Le confort de la routine
Car même si le couple ne fonctionne plus, même si les sentiments se sont évaporés, il y a un certain confort dans la routine. On connaît les habitudes de l’autre, son caractère, ses manies. Certes la magie n’opère plus, mais au moins cela fait un repère dans l’existence. Alors, par peur panique du changement et de l’inconnu, beaucoup s’accrochent et font le dos rond en attendant une hypothétique embellie.
Que faire ?
Rester en couple par peur, par confort ou par doute est rarement une bonne idée sur le long terme. Cela crée des relations toxiques et hypocrites, génératrices de frustrations et de non-dits. La solution ? Avoir le courage d’aborder LA discussion et de crever l’abcès, en toute transparence et honnêteté. Même si elle est douloureuse sur le coup, la vérité permettra à chacun d’avancer.
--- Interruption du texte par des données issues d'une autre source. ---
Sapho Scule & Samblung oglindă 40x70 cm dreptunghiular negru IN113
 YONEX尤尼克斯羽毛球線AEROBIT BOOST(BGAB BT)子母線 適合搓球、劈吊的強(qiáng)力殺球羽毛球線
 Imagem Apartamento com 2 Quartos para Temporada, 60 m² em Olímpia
Bien sûr, il ne s’agit pas de divorcer à la première difficulté ! Dans certains cas, il est possible de raviver la flamme ou de traverser une mauvaise passe. C’est toute la subtilité des aléas de la vie à deux. Mais quand le dialogue est rompu, que chacun vit sa vie de son côté ou que l’indifférence s’installe, il est peut-être temps de tirer le signal d’alarme et de se poser les bonnes questions. Quitte à prendre une décision radicale pour son bien-être.